For you, a lot of it will depend on what your electrical inspector defines as the 'RPC'. An RPC is the combination of the idler motor and its start/control box/circuit. Since the RPC disconnect needs to disconnect the single phase supply conductors to the RPC, if the first entry of these conductors from your building wiring into the RPC is the control box that you aren't moving, then an argument could be made that a disconnect at that location is meeting the spirit of 455.8(A), and a disconnect at that point, assuming that point is next to your lathe and your lathe's motor controller, could potentially serve for all 3 disconnects even if moving the idler motor outside...especially if it is lockable. That would eliminate the need for a disconnect next to your idler motor. That could be an easy sell to your inspector assuming he/she is reasonable.

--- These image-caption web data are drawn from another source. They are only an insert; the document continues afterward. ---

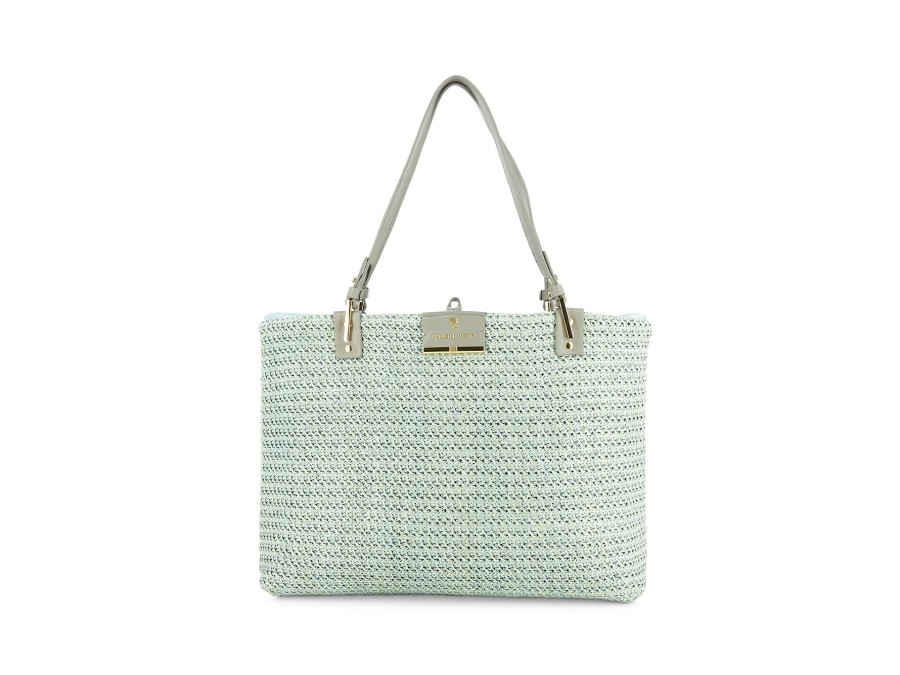 Woman ROBERT PIETRI Handbags & Wallets | 6495 Hb Blue Raffia | Peter Sheppard Footwear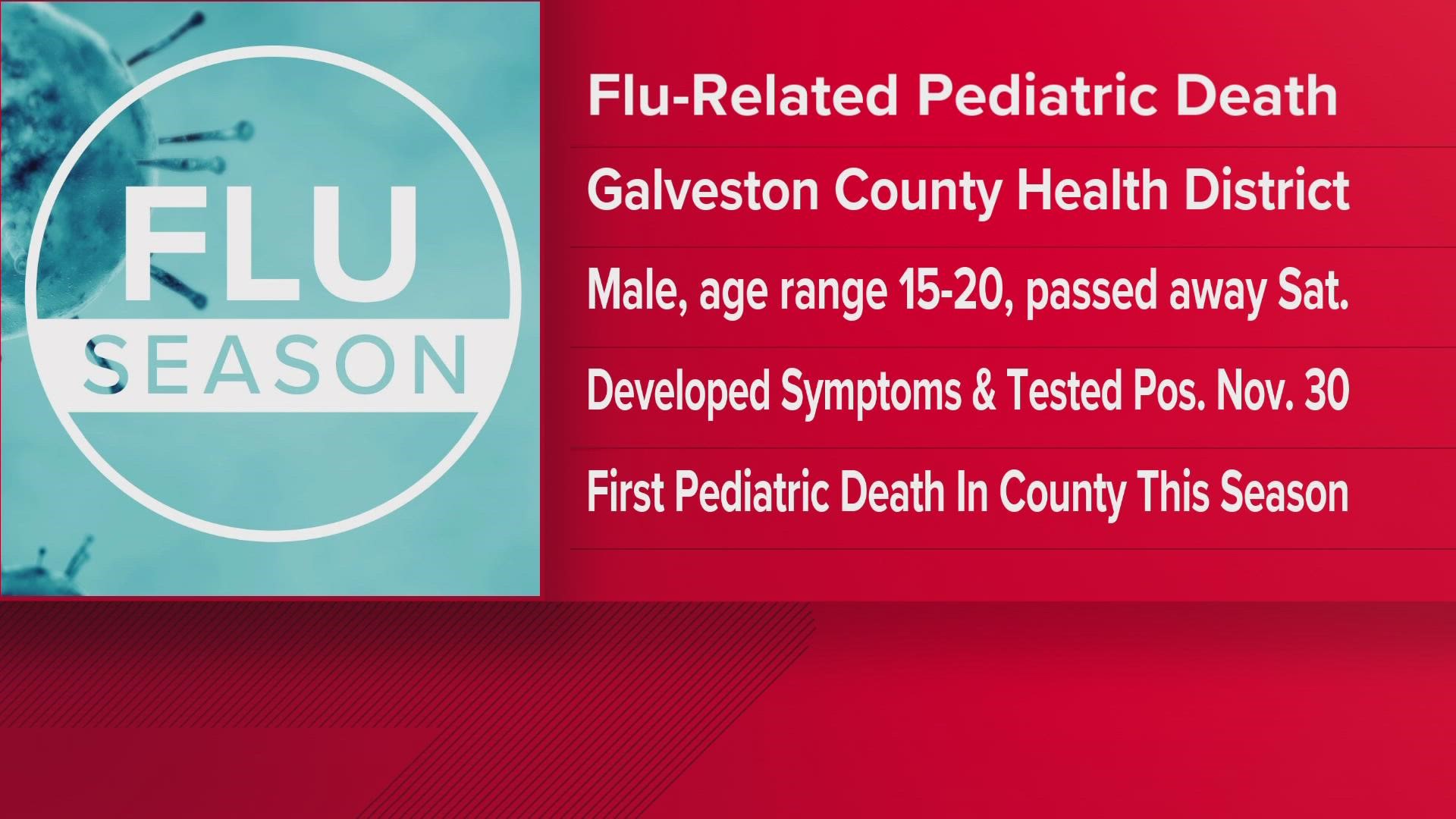 Health officials said the victim developed symptoms and tested positive for Influenza A on Nov. 30 and died on Dec. 3.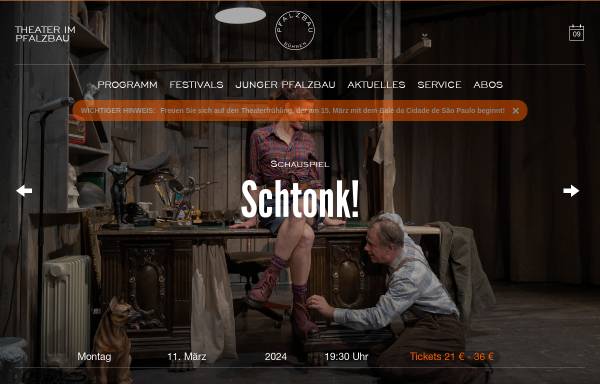 Vorschau von www.theater-im-pfalzbau.de, Theater im Pfalzbau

These are always sticky areas up to a lot of interpretation by everyone. At the end of the day the only opinion that matters is that of your electrical inspector.


----------



## bpimm (Jan 20, 2016)

abrace said:


> I just read the code section related to RPCs. Basically, as I see it, you technically need a total of 3 disconnects.
> 
> These are always sticky areas up to a lot of interpretation by everyone. At the end of the day the only opinion that matters is that of your electrical inspector.

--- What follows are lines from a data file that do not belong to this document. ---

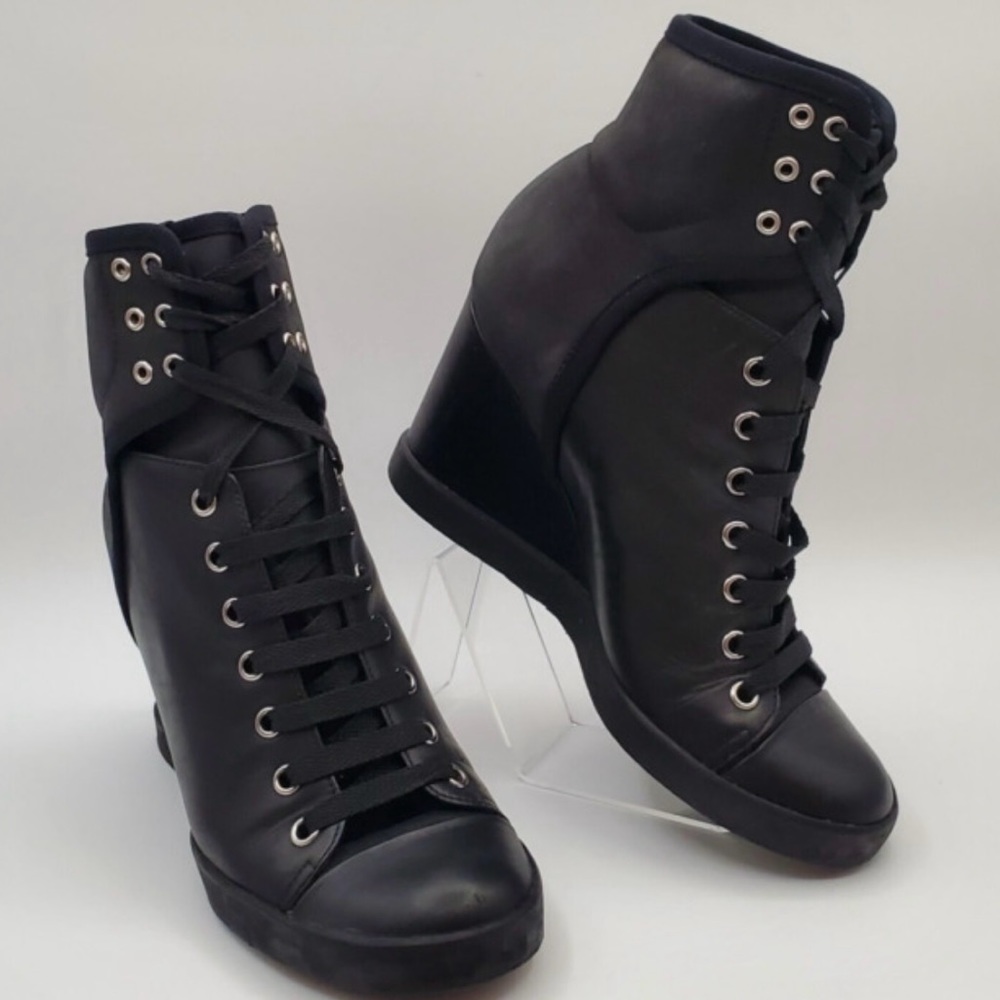 Black Sneaker wedges, See by Chloe
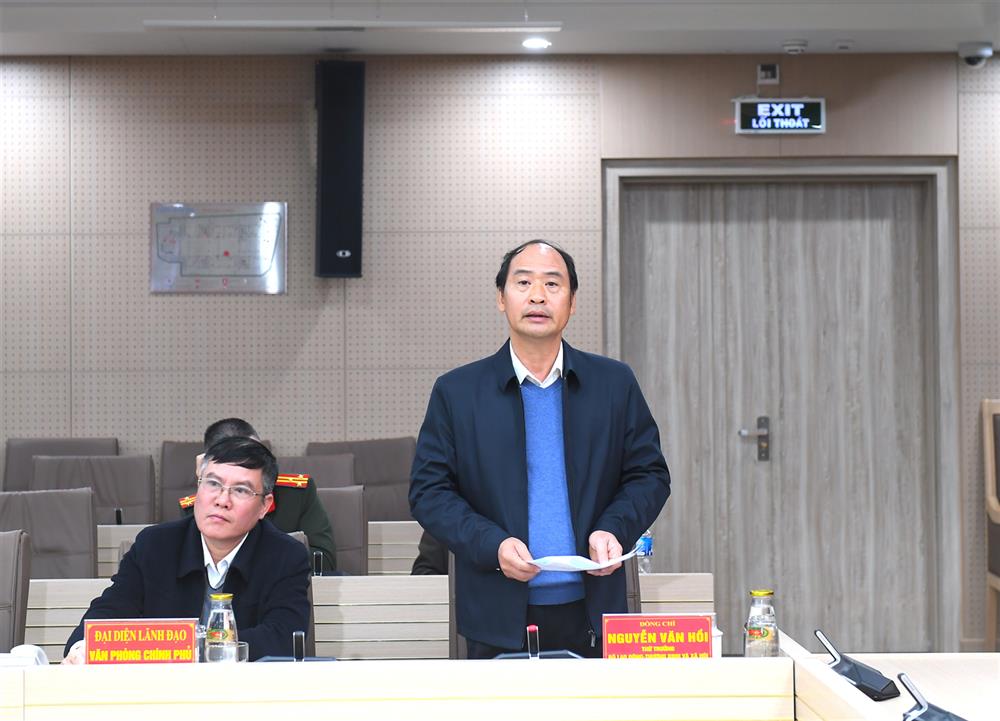 Thứ trưởng Nguyễn Văn Hồi phát biểu tại Hội nghị.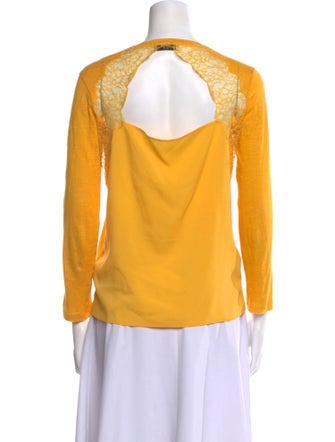 Sandro Linen Scoop Neck Top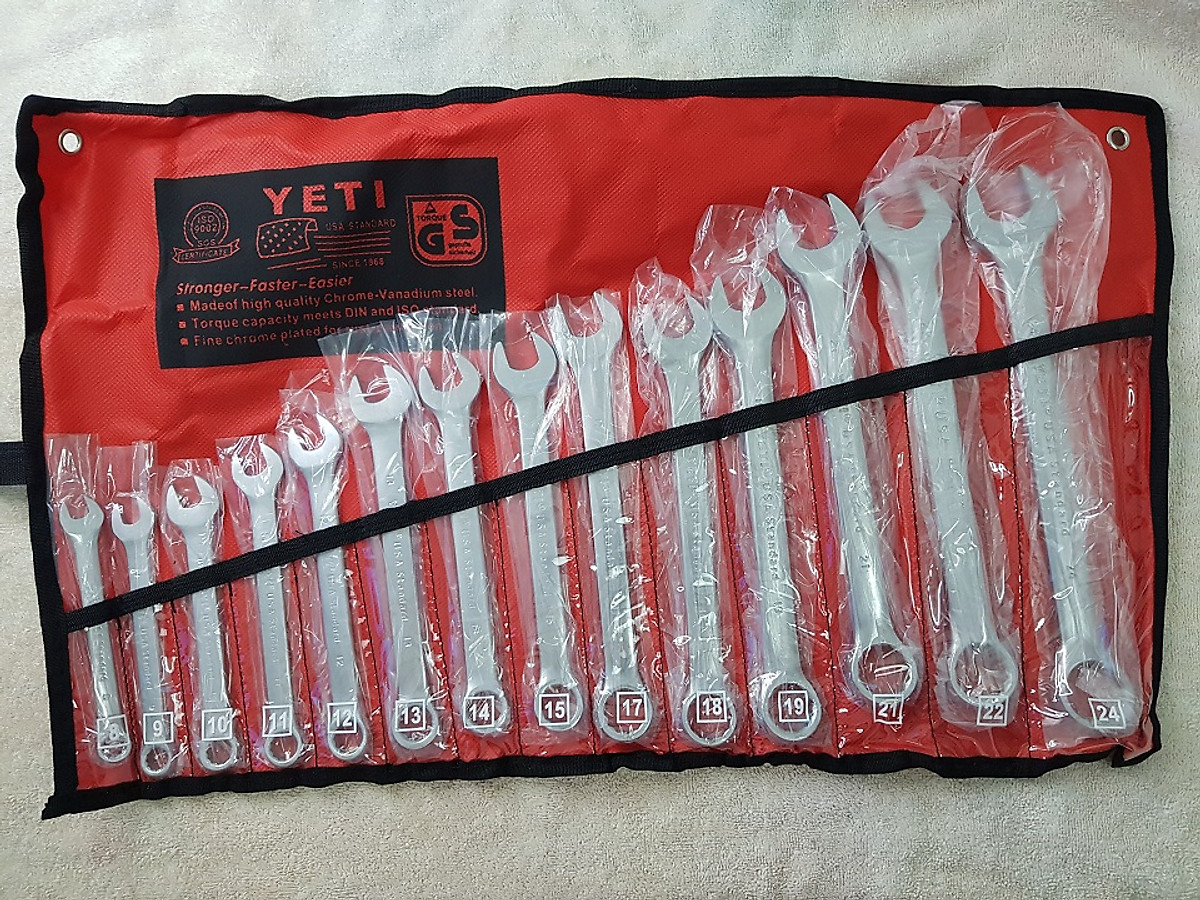 Bộ cờ lê Yeti 14 món - Bộ cờ lê khóa vòng miệng - dùng để sửa chữa xe cộ và đồ gia dụng trong gia đình - Hàng chính hãng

Thanks Aaron, that clears it up.


----------



## Cheeseking (Jan 22, 2016)

Hope I didn't start a hornet nest bpimm but ya just make sure you study and follow code requirements.   A plug/receptacle could satisfy as a disconnect under certain conditions.  

I set up my shop 3ph as follows:

60A 240 1ph breaker off my main load center 


6 AWG / 8 for EGC to fused disconnect (safety switch) for the 1ph


To a NEMA starter w/overloads for the phase converter.   The push button to start and stop works really nice.



To 7kw phase conv



To 30A 3ph fused disconnect.



To 3ph load center with breakers for each machine.



Twist lock receptacles/plugs at each machine.
	

		
			
		

		
	




All this stuff fit nicely in a corner not too far from the main panel.   



Now to add to the complete protection overkill I have yet another disconnect switch and manual starter w/overloads for the lathe motor. .   (It was on the lathe already)


----------



## Cheeseking (Jan 22, 2016)

Took the safety switch off the BP and went with only a twist lock plug/receptacle.


----------



## abrace (Jan 22, 2016)

No hornets nest,  your install looks really nice.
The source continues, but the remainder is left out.